We were very pleased to receive some 'stove' publications from the training section of the Peace Corps in Benin. They were written by Stephen Connors. Although basically written for local use, it is very interesting to see other stove workers' approach to the writing and presentation of stove literature. We hope that readers will send us more - which we will review, summarize, or even print in full, to give ideas to those about to embark on a similar publication.

The STOVE DESIGN HANDBOOK by Stephen Connors is a 12 page leaflet on the basic design principles of wood conserving stoves, well set out, with attractive drawings. For example.....


FIGURE

The leaflet gives a straightforward explanation of 'how a fire works', followed by the general mehods used to maximise combustion, radiation, convection and conduction. It does not go into detailed stove construction, but gives a good coverage of the basic elements. m e leaflet ends with sections covering the vital cultural, economic, and safety factors that must be considered as part of stove design.

The handbook did not indicate the audience for whom it was intended, but we think that it would make useful introductory reading or discussion material in the training of stove programme extension workers.

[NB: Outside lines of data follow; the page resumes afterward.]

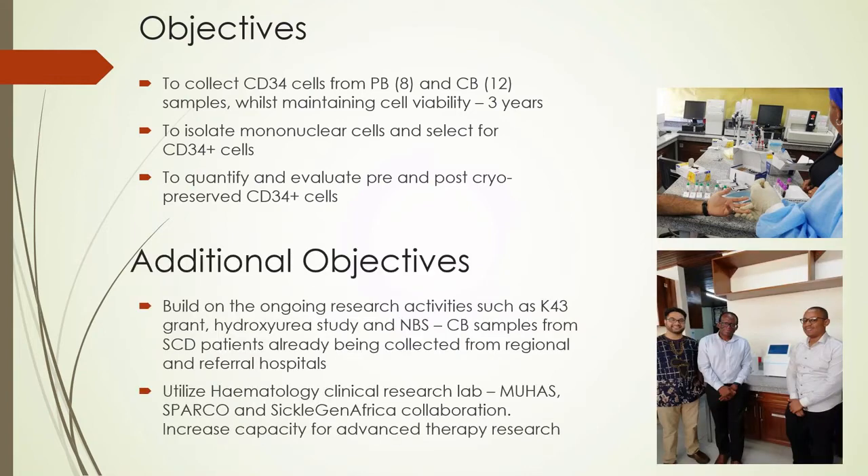In addition to current work under the leadership of Professor Julie Makani, Dr. Siana, and Professor Lucio, we will build on ongoing research activities such as the K43 grant examining gene expression profiles of candidate genes for determining fetal and adult hemoglobin levels in sickle cell disease patients, the hydroxyurea study, and newborn screening. We will also capitalize on existing cord blood sample collection from regional and referral hospitals and utilize the hematology clinical research lab at Muimbi University, the Sickle Pan-African Research Consortium, and Sickle Gen Africa to increase capacity for advanced therapy research.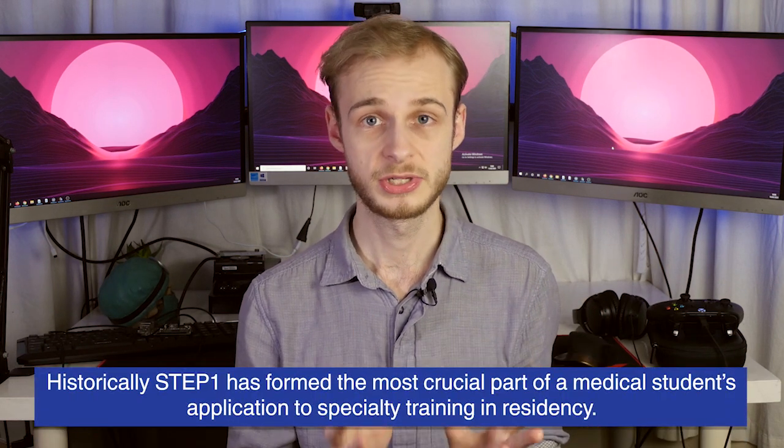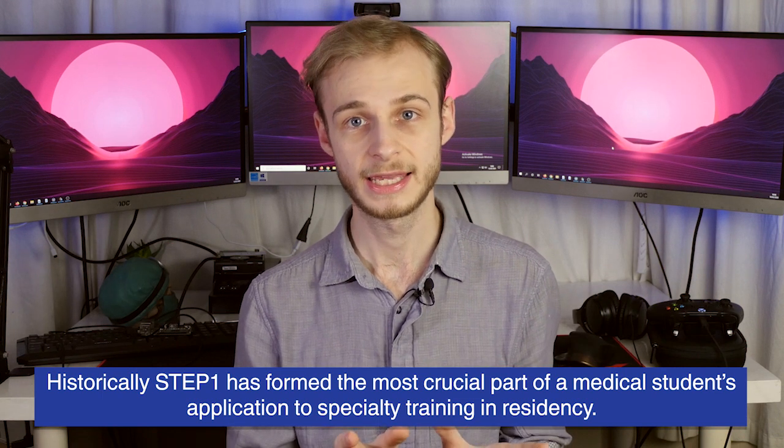Step two is taken in the fourth and final year of US medical school and includes the communication skills and clinical knowledge components — how you're actually going to deal with patients and treat them. Step three, the final part, is about operating as an independent licensed doctor within the United States and is taken in the first couple of years of residency, their specialty training equivalent. Step one, the basic sciences exam taken in the second year, has historically been used as the most reliable indicator of how good a doctor you're going to be, and has massively influenced which specialty residency program you've been able to apply for and match into.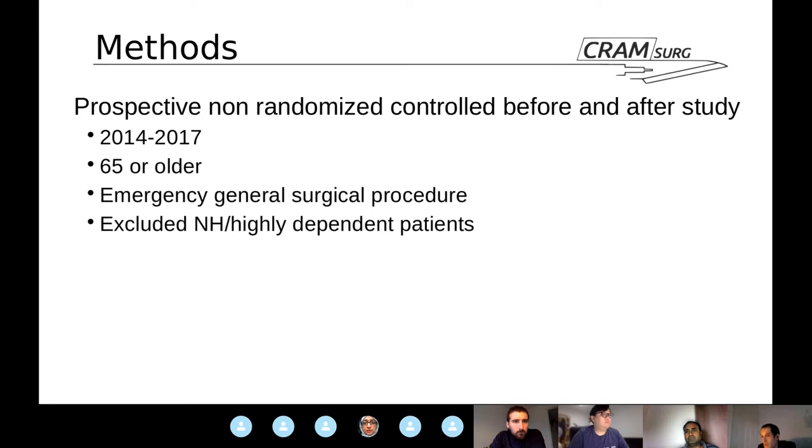Any admission not meeting those characteristics was excluded. They also very rightly excluded every patient coming from a high-dependency setting, such as a nursing home or requiring a lot of care at home. If you're trialling a bundle to get patients back on their feet, there's no point including patients who aren't on their feet to start with.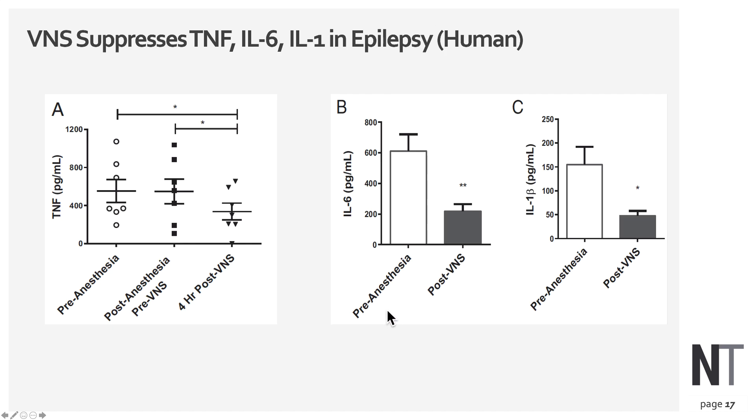Here is some human data, looking at adults who had a vagus nerve stimulator implanted for epilepsy control. Tumor necrosis factor levels were measured before and after surgical implantation. Surgery itself did not cause a reduction in TNF levels, but four hours after turning on the VNS device there is a notable drop. Similarly, interleukin-6 and interleukin-1 show big drops in cytokine levels — the kind of effects we would like to see in a hospitalized COVID-19 patient.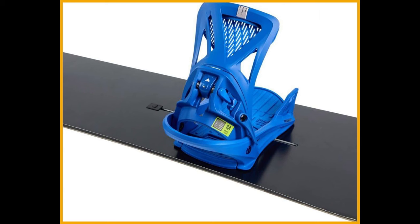So gear up with the Burton Men's Step On Genesis Flex Snowboard Bindings and get ready to conquer the slopes with style and ease.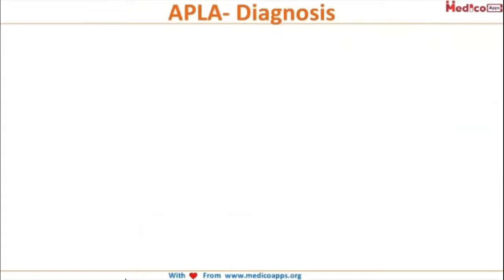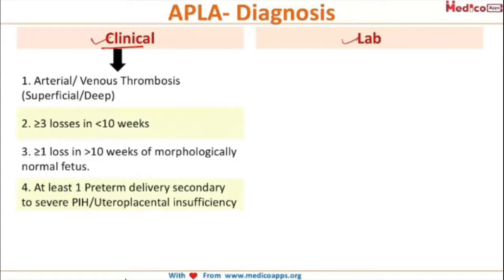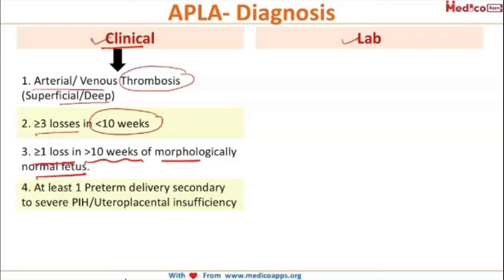To diagnose antiphospholipid antibody syndrome (APLA syndrome), there are clinical as well as lab criteria. The clinical criteria include: arterial or venous thrombosis (superficial or deep); three or more pregnancy losses at less than 10 weeks of gestation; one or more loss at more than 10 weeks of gestation with a morphologically normal fetus; or at least one preterm delivery secondary to severe PIH or uteroplacental insufficiency.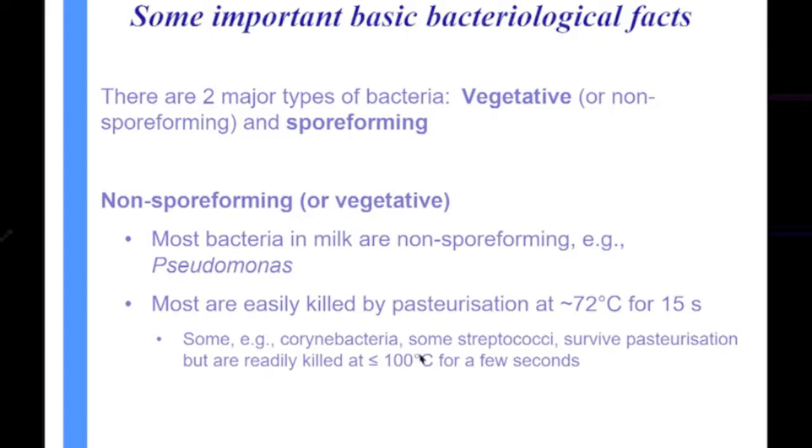These are what we often talk about as thermodurics — the ones that survive pasteurization, things like corynibacteria, some streps — but most of those are pretty readily killed if we go up to around 100 degrees.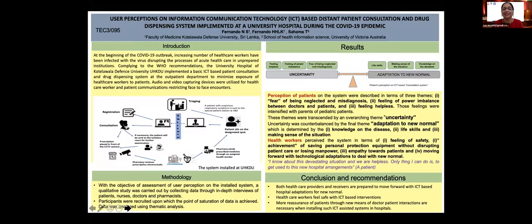Next slide. At the beginning of the COVID-19 outbreak, an increasing number of healthcare workers were infected with the virus, disrupting the process of acute healthcare in unprepared institutions. Complying with WHO recommendations, the University Hospital of Kotlava Defence University implemented a basic ICT-based patient consultation and drug dispensing system at the outpatient department to minimize exposure of healthcare workers to patients.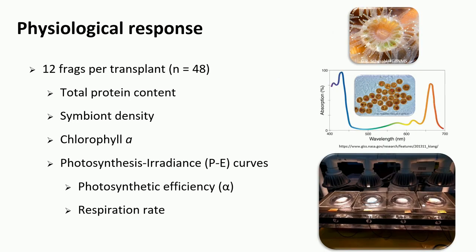For physiological measurements, we used a subset of 48 frags across all four transplant treatments. We estimated total protein content as a proxy of tissue amount, symbiont density, and chlorophyll A as a proxy of symbiont load and pigmentation. We also ran photosynthesis-irradiance curves, measuring alpha (photosynthetic efficiency) to understand how well corals utilize available light and how much oxygen is consumed during that process.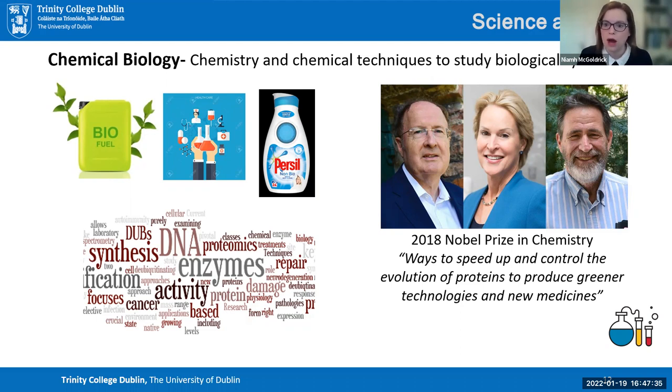Chemical biology tries to understand what's happening at the boundary between chemistry and biology — why biofuels work the way they do, why medicines interact in certain ways within the body, and why products like laundry detergents are labelled bio or non-bio. Chemists with biology experience work on things like DNA, enzymes, and cancer research. It's a massive field and our chemistry with biosciences degree focuses on those elements.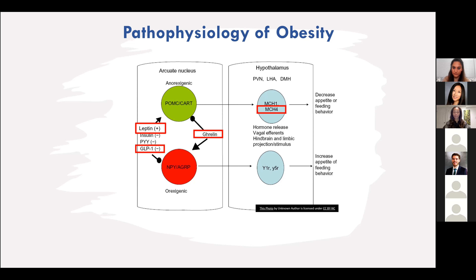We have the drug setmelanotide, which was recently approved — and is still in clinical trials — for patients who have those rare genetic mutations causing genetic obesity. Those areas of science can really target appetite regulation to limit food intake and decrease hunger. Some of the other pipeline medications we'll discuss actually have the opportunity to increase energy expenditure, which none of our currently utilized medications do.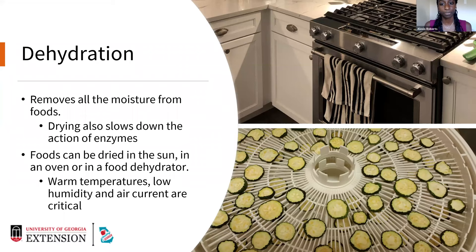Dehydration is actually one of the oldest forms of food preservation — people have been doing this for thousands of years, and it's also one of the easiest. When we dehydrate something, we're removing all of the moisture from foods. Since bacteria likes moisture, removing it extends the shelf life. Drying also slows down the action of enzymes but does not destroy them. We can dry foods in the sun, which has historically been done, or in the oven or a food dehydrator. In the oven, your optimum temperature is going to be about 140 degrees Fahrenheit. If your oven does not go down to 140 degrees Fahrenheit, it's not recommended to dry foods there.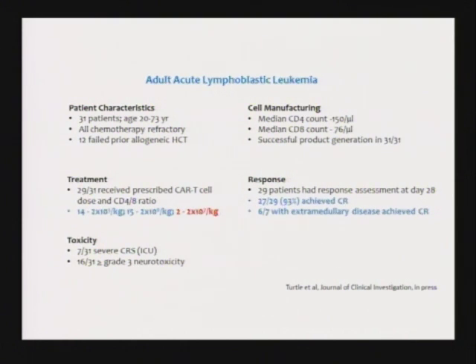That means complete disappearance of their leukemia. These are patients that, in reality, had weeks to months to live. There were no treatment options left. Their doctor said we have nothing to give them. And this simple immunotherapy, this tiny grain of rice of cells, was able to essentially put them into remission.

We also received SOTA STOVE CONSTRUCTION, an instruction manual written by Mr Connors for the construction of the Sota stove, a one pot, chimneyless mud stove (made of 'banco' in Benin), which is a 'refined version of the Louga variety of stoves first developed in Senegal'.

As a construction guide we feel that more drawings, with labelling, and a better layout of the step-by-step instructions are required. However, as a back-up document to a stove building demonstration it would be very useful.